My wife recently got some anti slug copper tape that is supposed to keep slugs from climbing. I haven't used it yet because my plants are so crowded I couldn't put the tape on every pot or along th bottom wall of the GH and still keep them from repelling down from the ceiling on slime ropes. Generally I bait and that's pretty effective.


----------



## CLMoss (Aug 12, 2007)

I just purchased a Paph. Magic Lantern & Paph. Norito Hasegawa, in bud from Glen (Piping Rock). Both are kept indoors, southern window, with a small fan, and are doing beautifully.

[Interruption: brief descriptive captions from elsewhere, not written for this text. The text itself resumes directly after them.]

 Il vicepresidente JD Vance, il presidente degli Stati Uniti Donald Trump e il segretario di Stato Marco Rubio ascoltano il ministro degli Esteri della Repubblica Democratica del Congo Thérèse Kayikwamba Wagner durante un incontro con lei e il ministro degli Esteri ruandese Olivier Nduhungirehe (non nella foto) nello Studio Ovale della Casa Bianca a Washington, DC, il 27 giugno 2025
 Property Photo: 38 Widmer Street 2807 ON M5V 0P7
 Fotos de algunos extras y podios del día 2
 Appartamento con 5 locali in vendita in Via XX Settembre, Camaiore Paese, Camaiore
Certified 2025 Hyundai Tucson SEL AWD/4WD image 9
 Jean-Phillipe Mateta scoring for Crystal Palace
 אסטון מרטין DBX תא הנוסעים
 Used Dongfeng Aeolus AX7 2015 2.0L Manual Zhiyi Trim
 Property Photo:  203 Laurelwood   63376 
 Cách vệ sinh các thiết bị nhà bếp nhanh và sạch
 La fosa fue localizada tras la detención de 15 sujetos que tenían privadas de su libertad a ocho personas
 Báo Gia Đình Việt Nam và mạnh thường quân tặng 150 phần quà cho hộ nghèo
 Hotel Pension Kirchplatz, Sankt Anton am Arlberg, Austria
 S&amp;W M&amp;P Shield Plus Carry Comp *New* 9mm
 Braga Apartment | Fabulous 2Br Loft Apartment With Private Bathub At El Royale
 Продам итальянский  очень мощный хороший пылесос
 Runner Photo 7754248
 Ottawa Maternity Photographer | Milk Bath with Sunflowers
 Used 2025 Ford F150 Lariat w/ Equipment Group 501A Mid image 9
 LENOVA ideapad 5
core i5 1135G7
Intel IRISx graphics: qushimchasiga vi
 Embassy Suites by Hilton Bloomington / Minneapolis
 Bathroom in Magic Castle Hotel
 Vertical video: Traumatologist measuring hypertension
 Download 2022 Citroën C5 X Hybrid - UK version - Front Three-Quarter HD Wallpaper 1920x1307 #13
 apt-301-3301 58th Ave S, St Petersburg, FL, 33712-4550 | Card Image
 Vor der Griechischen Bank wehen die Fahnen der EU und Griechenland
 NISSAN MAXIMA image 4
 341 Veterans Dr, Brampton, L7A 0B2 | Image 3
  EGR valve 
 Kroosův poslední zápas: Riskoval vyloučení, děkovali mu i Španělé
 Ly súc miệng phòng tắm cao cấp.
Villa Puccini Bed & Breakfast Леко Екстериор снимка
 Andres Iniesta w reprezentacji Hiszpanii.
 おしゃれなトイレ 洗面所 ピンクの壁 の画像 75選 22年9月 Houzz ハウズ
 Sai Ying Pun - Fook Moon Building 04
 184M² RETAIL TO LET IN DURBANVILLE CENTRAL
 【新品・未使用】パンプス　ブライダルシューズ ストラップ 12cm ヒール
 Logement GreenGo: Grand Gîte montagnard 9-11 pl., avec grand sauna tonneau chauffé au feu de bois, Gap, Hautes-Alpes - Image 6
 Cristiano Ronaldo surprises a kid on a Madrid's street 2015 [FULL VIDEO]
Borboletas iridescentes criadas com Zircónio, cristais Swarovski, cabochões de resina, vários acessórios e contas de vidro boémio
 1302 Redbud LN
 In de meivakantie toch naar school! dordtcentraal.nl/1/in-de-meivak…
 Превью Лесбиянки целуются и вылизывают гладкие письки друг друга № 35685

I did not want to take the chance of too much water collecting in the buds.

Also, after a long heat-wave here in the northeast, we had a lot of rain and then it got really cold. I became concern, not knowing how low the temperature would drop, and I did bring a number of phrags back into the house for the evening. The next morning I did find out that the temp did drop to 58 degrees. That may have been fine for the phrags; however, I did not want to take the chance. All the orchids (except for the Paph. ML & NH)are back outside. Growing orchids outside is a bit more tricky then in a greenhouse, because you have less control over the environment. 

Regarding slugs...we had a problem here with slugs until a family of opossums move into the area. I have not seen one slug since, but I keep a watchful eye. 

I would leave the orchid outside (protected) and watch the weather for rain and drop in temp.

Claudia


----------



## Heather (Aug 12, 2007)

CLMoss said:


> I became concerned, not knowing how low the temperature would drop...Growing orchids outside is a bit more tricky then in a greenhouse, because you have less control over the environment.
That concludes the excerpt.